The other part of the plates, according to FIG. 1 and 2 are spaced in the part forming the core 2 in pairs by strips 15 and 16 which extend parallel to the longitudinal direction and are disposed on the lateral edges of the plates 4 and also by end or closing strips 17 and 18 which extend transversely thereto and form the left and right end of the core 2. As a result, a further passage 19 is produced respectively between two plates 4 respectively. On the sides of the closing strips 18 on the right in FIG. 2, the upper strips 15 in FIG. 2 are slightly shorter so that intermediate spaces 20 respectively are produced between them and the closing strips 18 through which air can be supplied laterally in the direction of an illustrated arrow 21 (FIG. 2). In contrast, the strips 16 on the left side in FIG. 2 are slightly shorter so that intermediate spaces 22 are produced here between these and the closing strips 17, through which the air supplied at 20 can be discharged again (arrow 23). The deflections are thereby effected, analogously to FIG. 3, preferably with correspondingly configured lamellae or fins 24 provided in the passages 19 (FIG. 1).

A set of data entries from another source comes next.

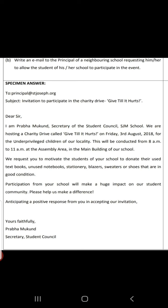We are hosting a charity drive called Give Till It Hurts on Friday, 3rd August 2018, for the underprivileged children of our locality. The time, date, and place are all clearly mentioned. This will be conducted from 8 AM to 11 AM at the assembly area in the main building of our school. Second paragraph: we request you to motivate the students of your school to donate their used textbooks, unused notebooks, stationery, blazers, sweaters, or shoes that are in good condition.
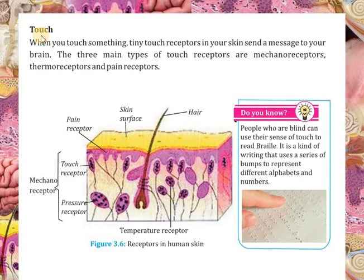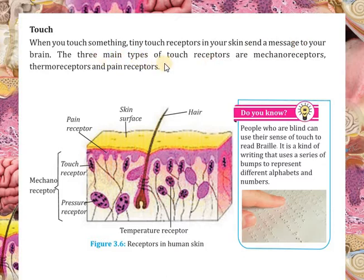Bismillah ar-Rahman ar-Rahim. Aslam alaykum students. Today we are going to study about the sense of touch. When you touch something, tiny touch receptors in your skin send a message to your brain. There are three main types of touch receptors: mechanoreceptors, thermoreceptors, and pain receptors.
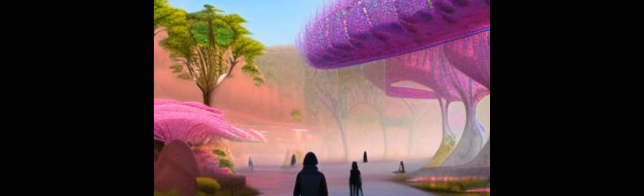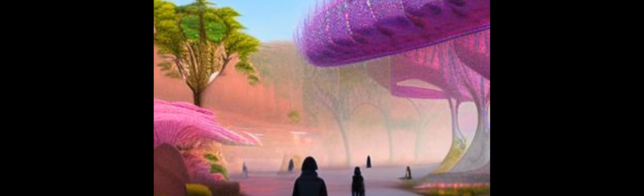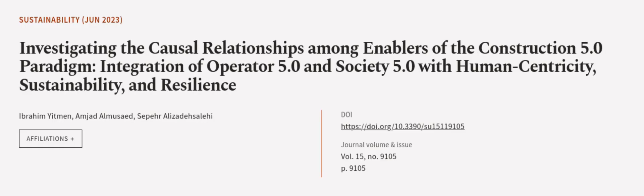The study also discussed the limitations and challenges and suggested future research. This article was authored by Ibrahim Yitman, Amjad Almunajjed, and Saper Alizadeh Salehi. We are article.tv, links in the description below.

In the core 1, the same plates 4 which delimit the passages 19 serve to form passages 24 which are disposed in an undulating shape (FIG. 1), said passages having portions which are straight as well as portions which serve for deflection, as explained in more detail further on. The passages 24 extend respectively from the closing strips 18 to a closing strip or plate 25 which is disposed in FIG. 1 and 2 at the right end of the block 3. Preferably, pairs of plates with the passages 8 alternate with pairs of plates with the passages 19, 24 in superimposed planes, at least one passage 8, 19, 24 respectively being present in each plane. According to FIG. 2, a coolant is supplied to the passages 24 at an inlet indicated by an arrow 26 and can flow out again at an outlet indicated by an arrow 27 for flowing the through a coolant cycle, not shown.

The inlets or outlets marked by the arrows 10, 11, 21, 23, 26 and 27 are connected to collection tanks or the like at known inlet nipples, not shown.

The mode of operation of the described heat exchanger device is essentially as follows:

The compressed air which comes from a compressed air plant and is heated e.g. to approx. 35° to 55° C. is supplied in the direction of the arrow 10 so that it flows through the passages 8. The air is thereby cooled initially in the core 2 by the cold air, which is supplied in counter-flow in the direction of the arrow 21 and comes from a water separator, not shown, to a temperature of e.g. 20° C. On its further path through the passages 8, the compressed air is then cooled gradually in the core 1 to its dew point since it interacts here with the coolant which flows into the passages 24 in the direction of the arrow 26 (FIG. 2). The compressed air is then removed at the outlet marked by the arrow 11 (FIG. 3) and supplied to a water separator, not shown, from where it is in-troduced into the core 2 at the arrow 21 and is removed from this core 2 at the outlet indicated by the arrow 23, said outlet serving as a tapping point for the compressed air. The arrangement is chosen such that the air at the tapping point has again approximately room temperature.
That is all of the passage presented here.